Über die anstehende Jugendgemeinderatswahl vom 28. Januar bis 21. Februar plaudert Haas mit der Vorsitzenden des Nachwuchsgremiums, Jil Weber. Diese ruft alle Jugendlichen dazu auf, sich zu bewerben – das ist allerdings nur noch bis Montag, 12 Uhr, möglich. Das Bewerbungsformular gibt’s online.
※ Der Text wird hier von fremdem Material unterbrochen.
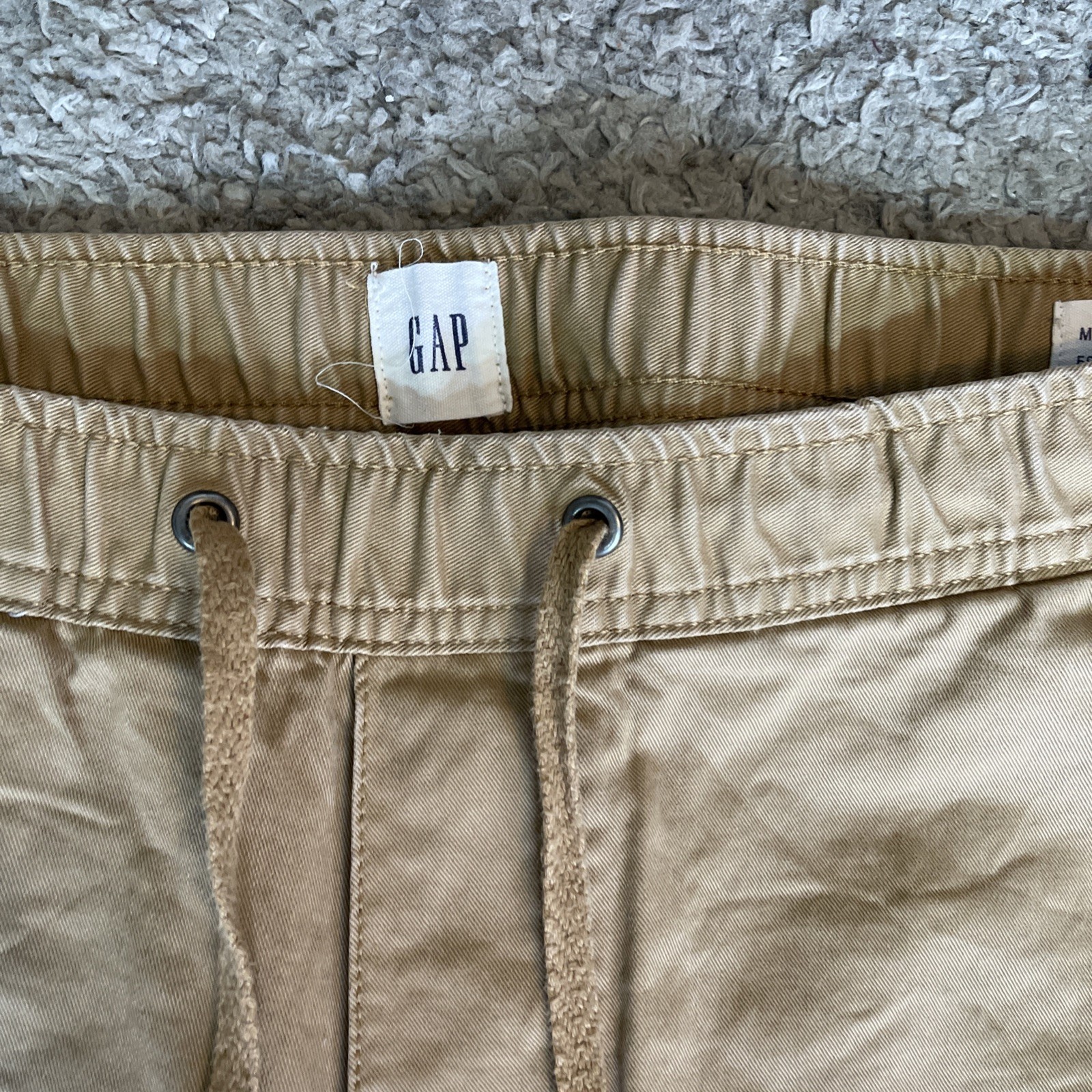 Gap Cargo Joggers drawstring with cuffed ankle me… - image 3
Der Jugendgemeinderat habe eine hohe Stellung in der Stadt Winnenden, sagt Weber, die aus Altersgründen nicht mehr kandidieren darf: „Unsere Anliegen werden ernst genommen und im Regelfall auch umgesetzt.“

Nächstes Jahr wieder live vor Ort? „Die Hoffnung stirbt zuletzt“

Unser Fazit: Auch der zweite virtuelle Corona-Neujahrsempfang ist gut gelungen. Am Sonntagnachmittag hatten sich immerhin bereits 550 Menschen den Livestream oder die Aufzeichnung angeschaut. Es bleibt dennoch zu hoffen, dass im kommenden Jahr wieder persönliche Begegnungen beim Neujahrsempfang möglich sind.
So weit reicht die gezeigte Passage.